- Aim of the exercise -
Only the lines from the one containing "Doremon - Trang 6" through the final line below belong in the output, copied exactly and without pictures.

- Information shown -
-------

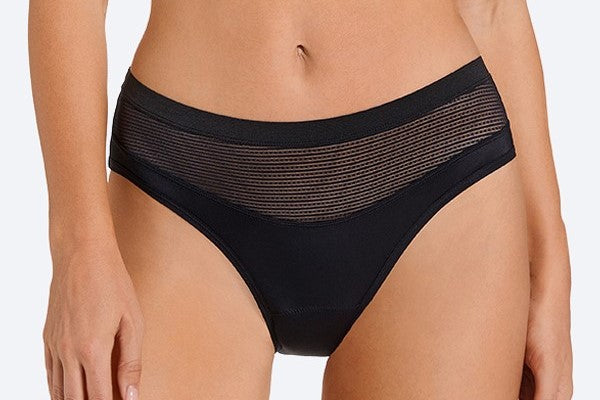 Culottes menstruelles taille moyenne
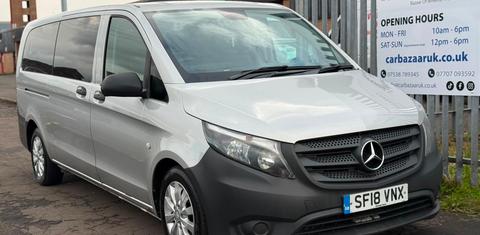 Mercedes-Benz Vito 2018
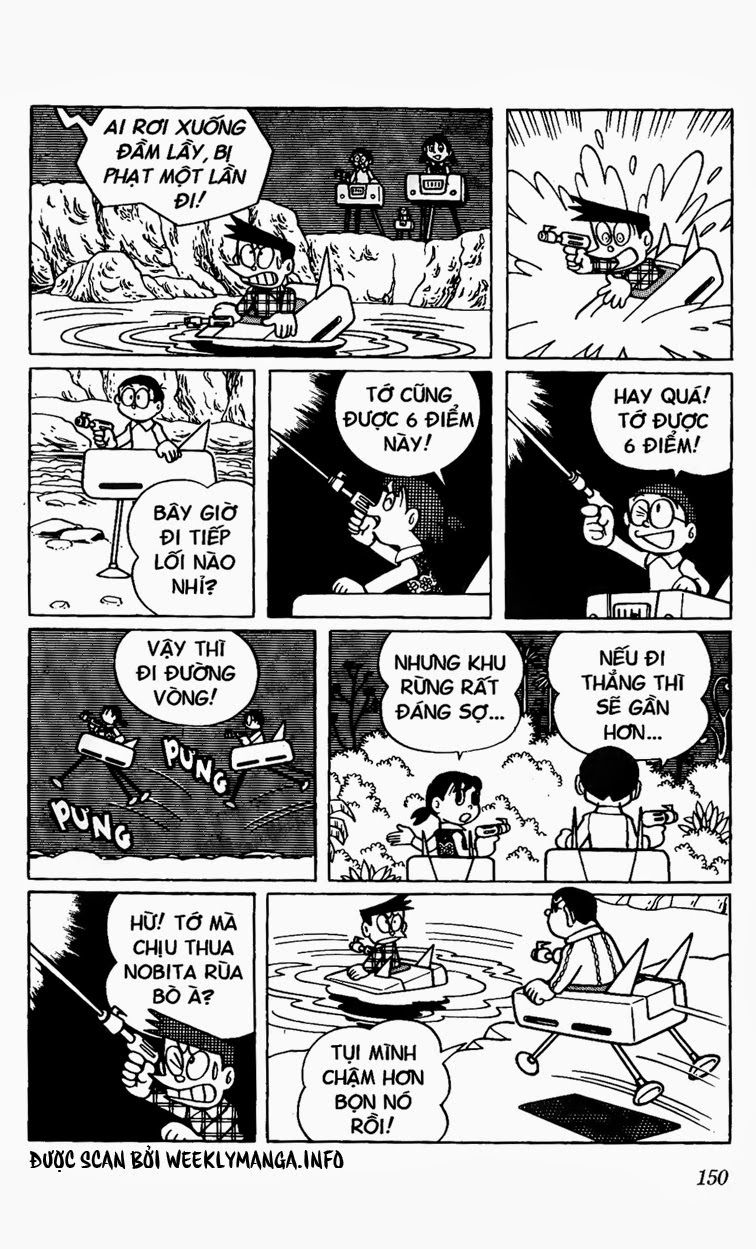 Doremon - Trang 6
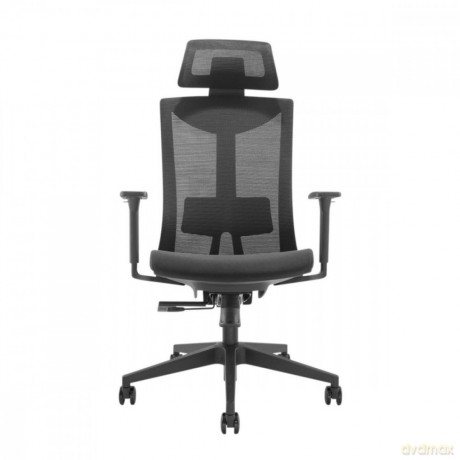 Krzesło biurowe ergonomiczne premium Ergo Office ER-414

-------

- Result below -
 Doremon - Trang 6
 Krzesło biurowe ergonomiczne premium Ergo Office ER-414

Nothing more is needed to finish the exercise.